- WHAT IS EXPECTED -
Please set down the data word for word; images do not go in the copy.
-.-.-
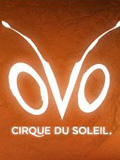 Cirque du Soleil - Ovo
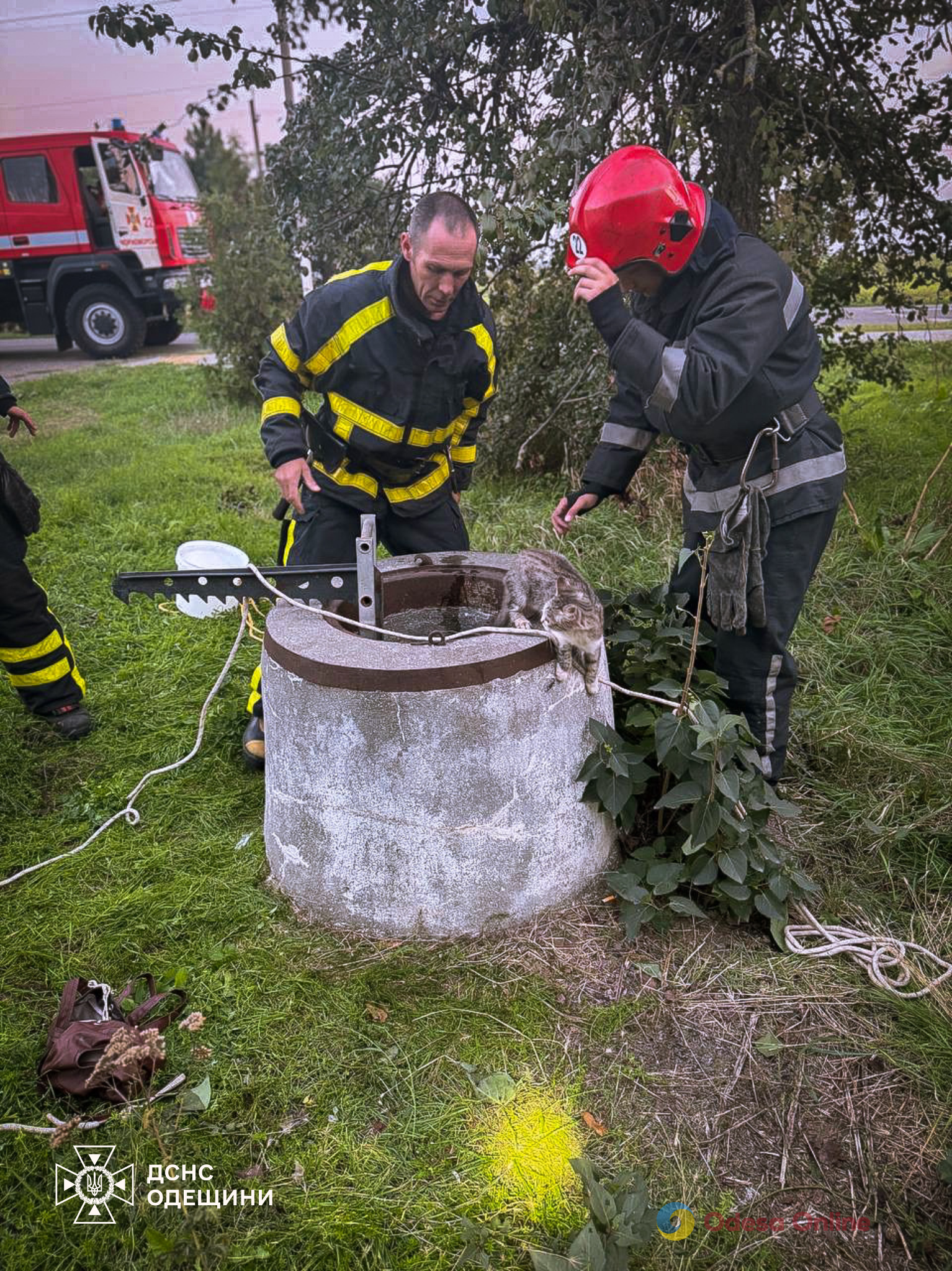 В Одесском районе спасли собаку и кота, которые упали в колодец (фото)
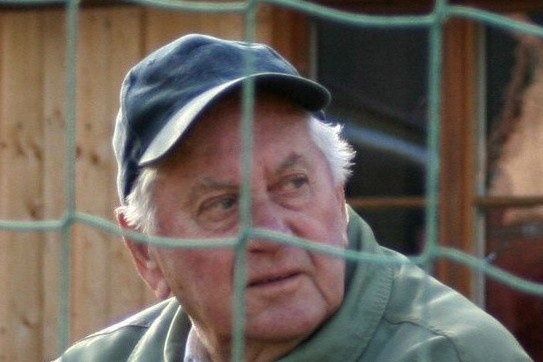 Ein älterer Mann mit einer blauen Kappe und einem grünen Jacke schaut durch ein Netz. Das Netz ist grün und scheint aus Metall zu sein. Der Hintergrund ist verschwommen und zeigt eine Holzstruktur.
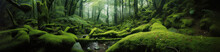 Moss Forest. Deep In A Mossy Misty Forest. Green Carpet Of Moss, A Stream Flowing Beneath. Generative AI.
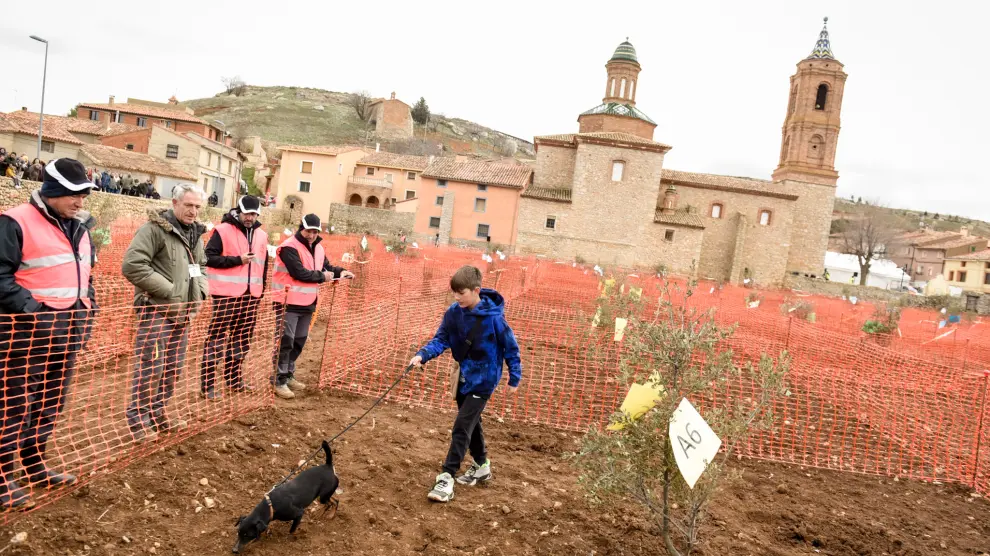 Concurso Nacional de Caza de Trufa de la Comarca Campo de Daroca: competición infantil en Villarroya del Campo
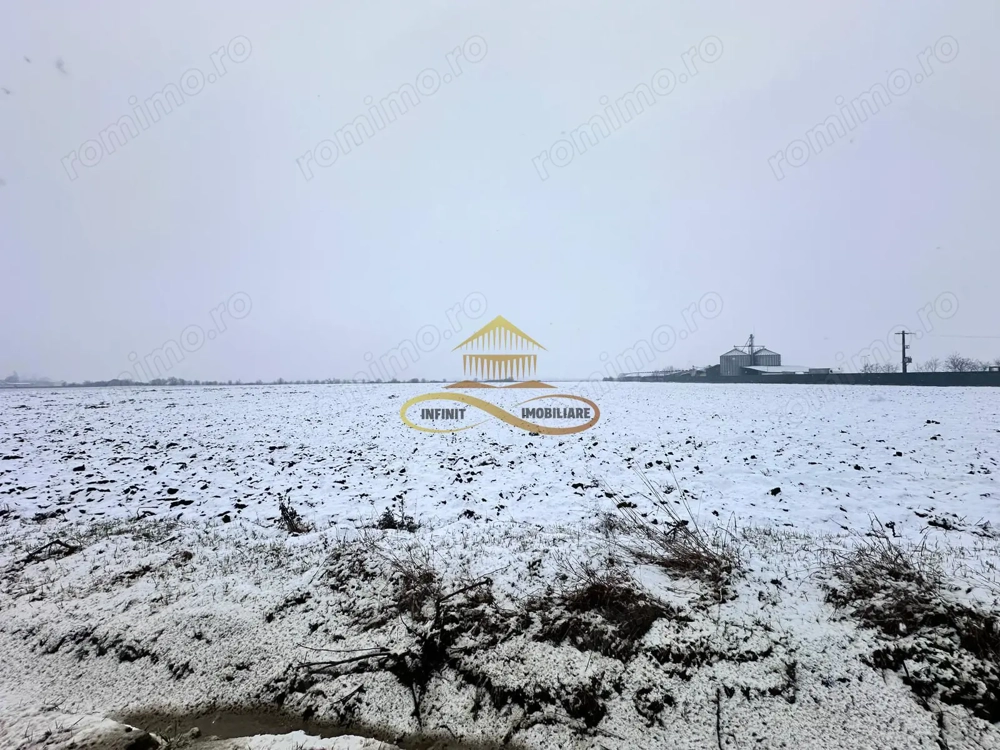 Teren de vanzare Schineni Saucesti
-.-.-
- REPLY -
 Cirque du Soleil - Ovo
 В Одесском районе спасли собаку и кота, которые упали в колодец (фото)
 Ein älterer Mann mit einer blauen Kappe und einem grünen Jacke schaut durch ein Netz. Das Netz ist grün und scheint aus Metall zu sein. Der Hintergrund ist verschwommen und zeigt eine Holzstruktur.
 Moss Forest. Deep In A Mossy Misty Forest. Green Carpet Of Moss, A Stream Flowing Beneath. Generative AI.
 Concurso Nacional de Caza de Trufa de la Comarca Campo de Daroca: competición infantil en Villarroya del Campo
 Teren de vanzare Schineni Saucesti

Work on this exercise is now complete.